==== Given records

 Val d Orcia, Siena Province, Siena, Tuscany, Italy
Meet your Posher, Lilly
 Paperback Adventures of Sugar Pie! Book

========
==== Given records

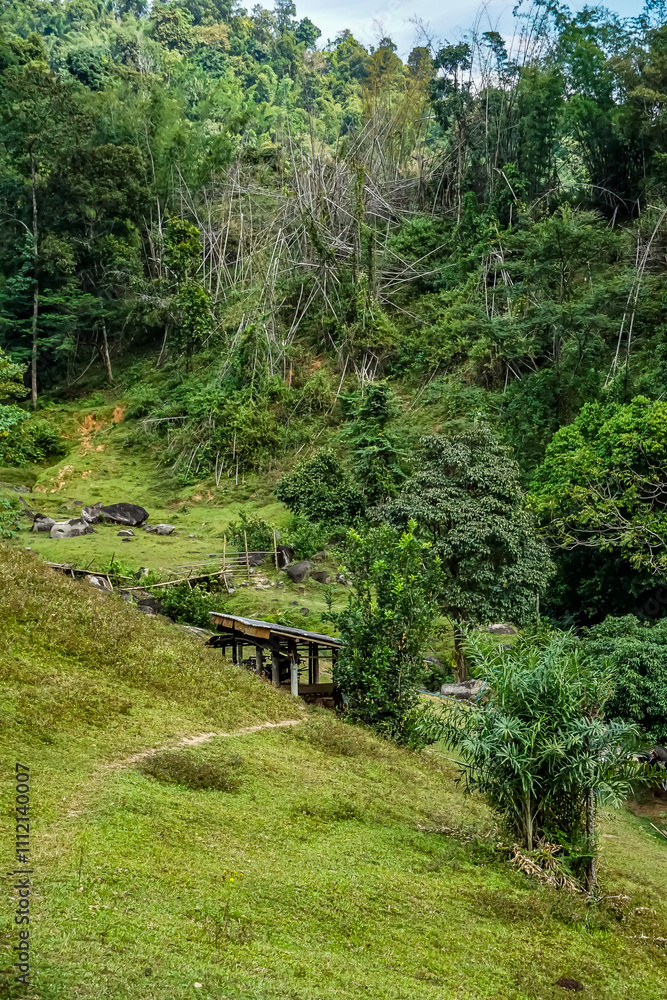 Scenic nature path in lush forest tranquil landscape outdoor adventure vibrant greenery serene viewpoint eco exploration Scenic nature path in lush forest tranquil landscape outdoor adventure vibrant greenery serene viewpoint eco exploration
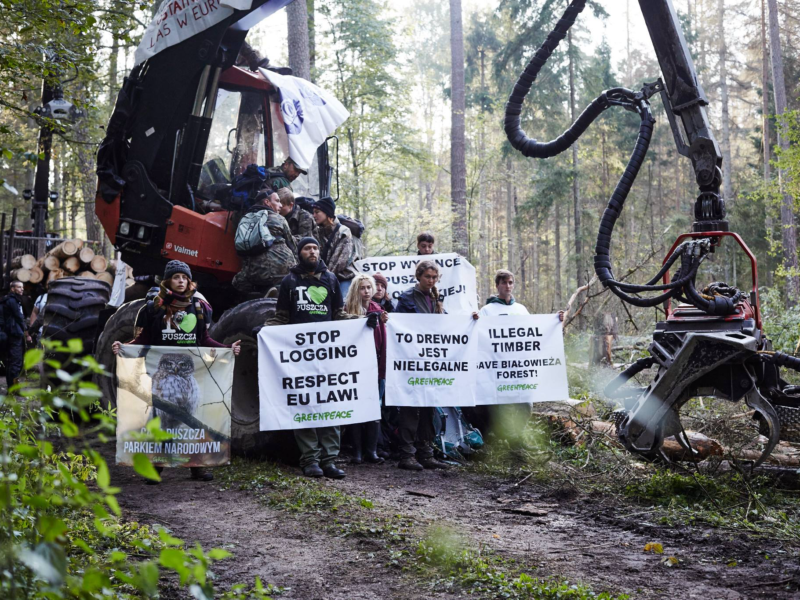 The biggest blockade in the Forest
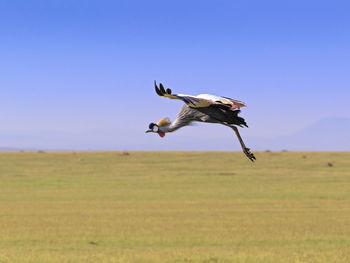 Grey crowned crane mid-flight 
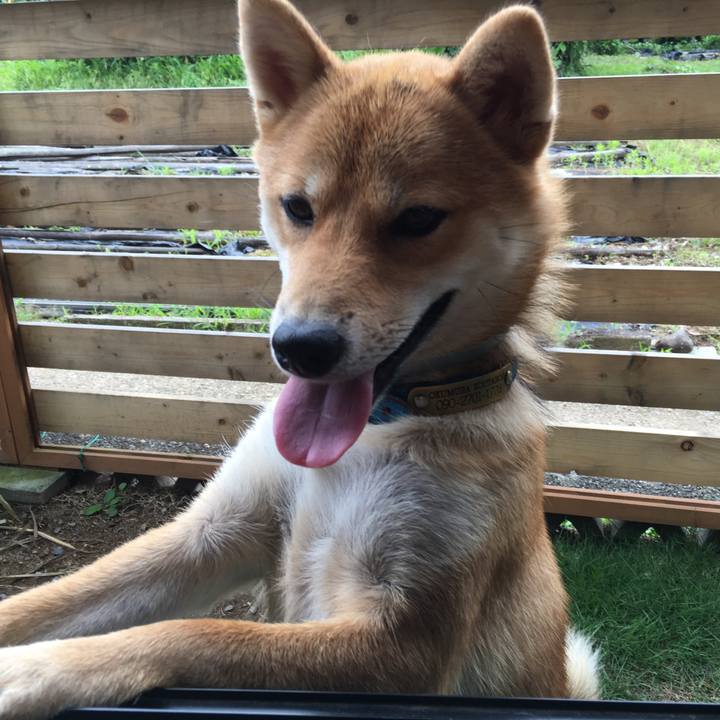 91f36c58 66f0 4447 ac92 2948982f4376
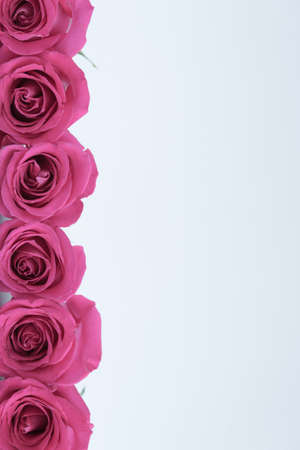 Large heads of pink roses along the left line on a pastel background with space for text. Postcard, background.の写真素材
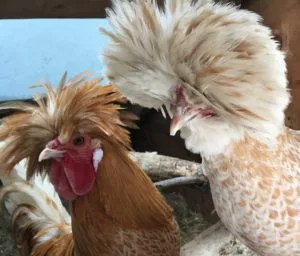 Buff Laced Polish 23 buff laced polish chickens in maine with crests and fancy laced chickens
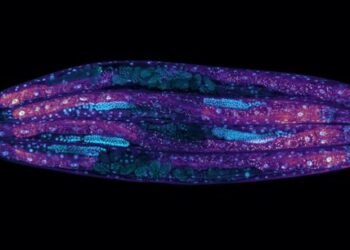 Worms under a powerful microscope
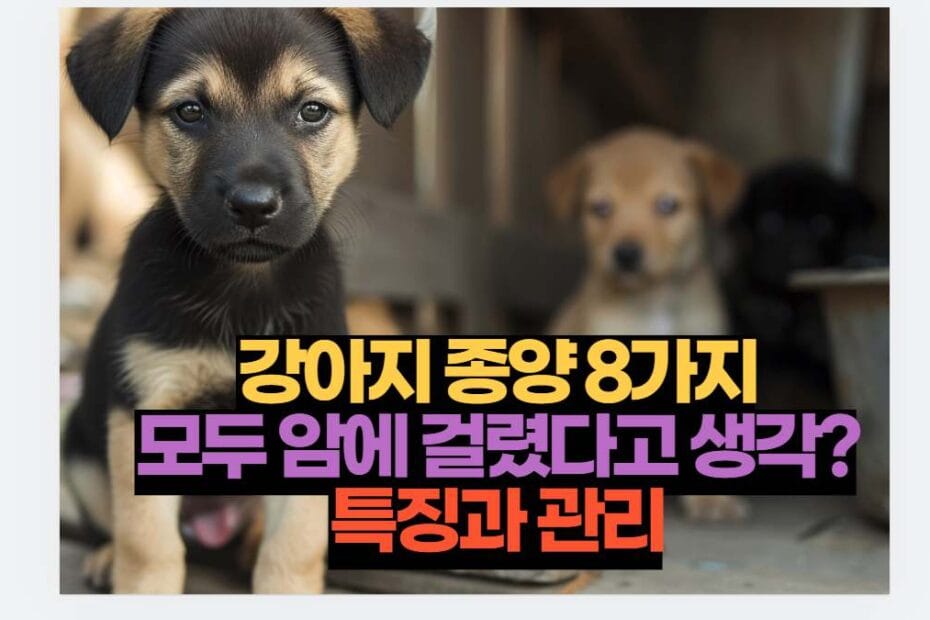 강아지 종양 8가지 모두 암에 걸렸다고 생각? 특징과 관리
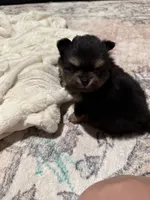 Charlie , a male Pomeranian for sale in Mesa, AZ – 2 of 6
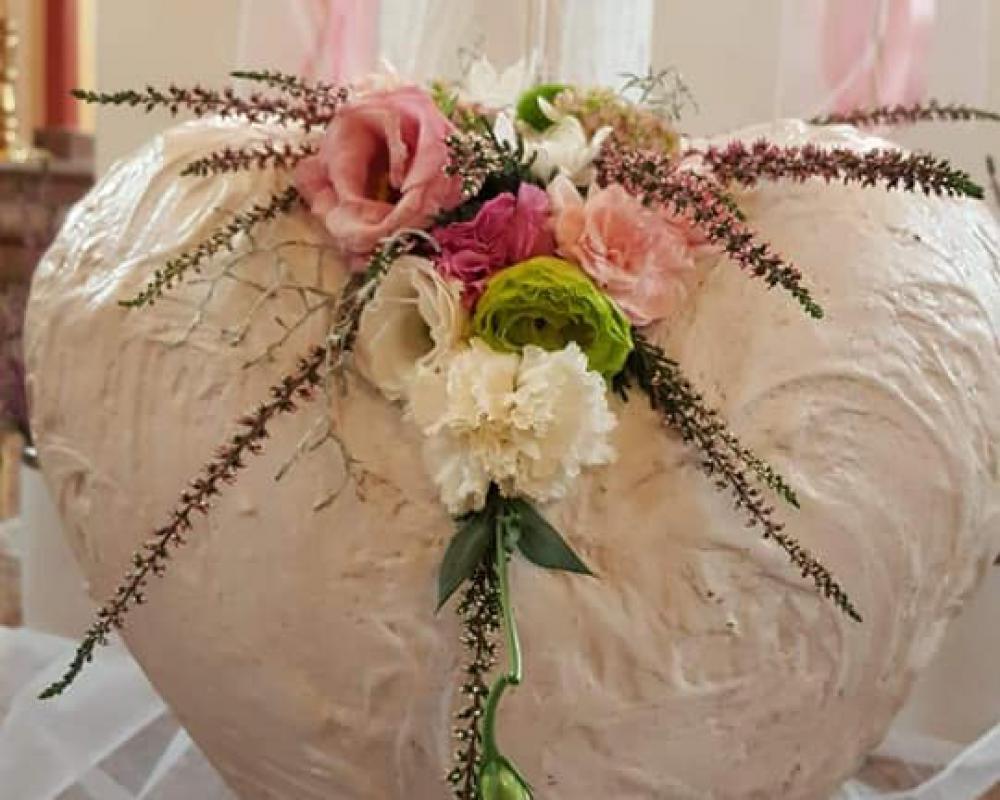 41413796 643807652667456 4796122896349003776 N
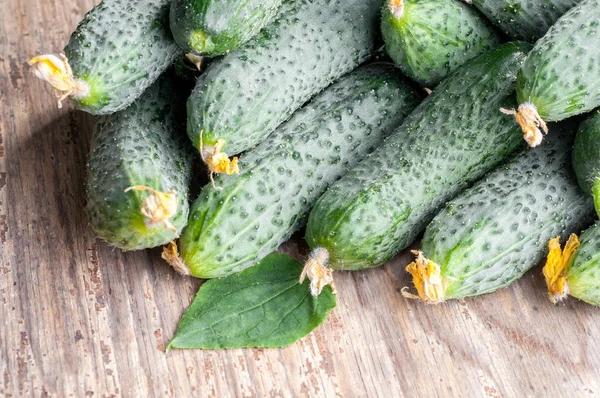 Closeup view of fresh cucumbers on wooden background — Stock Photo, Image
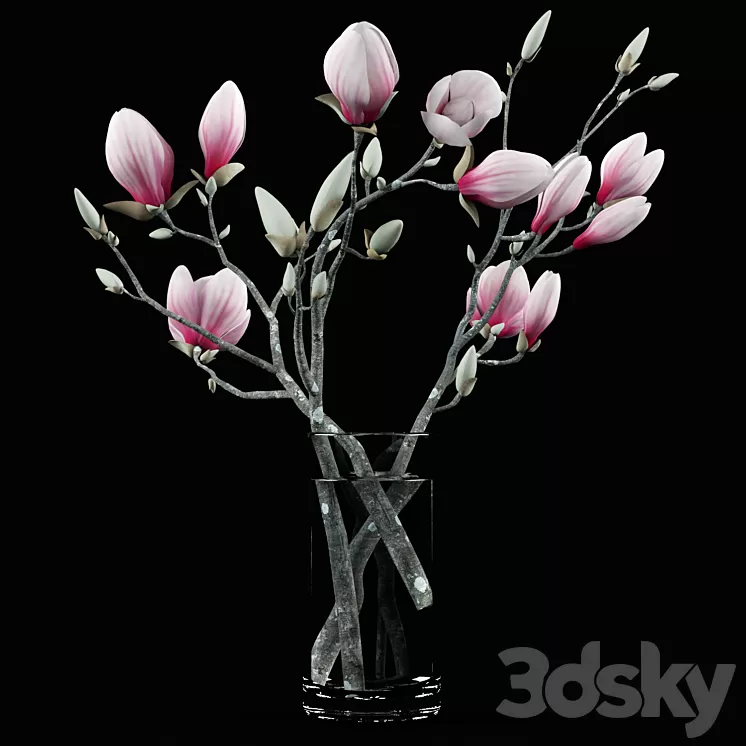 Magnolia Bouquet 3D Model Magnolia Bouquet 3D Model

========

Each line above from the one with "Val d Orcia, Siena" up to and including the one with "Paperback Adventures of Sugar Pie! Book" must be set down exactly, and no line outside that span may appear.

 Val d Orcia, Siena Province, Siena, Tuscany, Italy
Meet your Posher, Lilly
 Paperback Adventures of Sugar Pie! Book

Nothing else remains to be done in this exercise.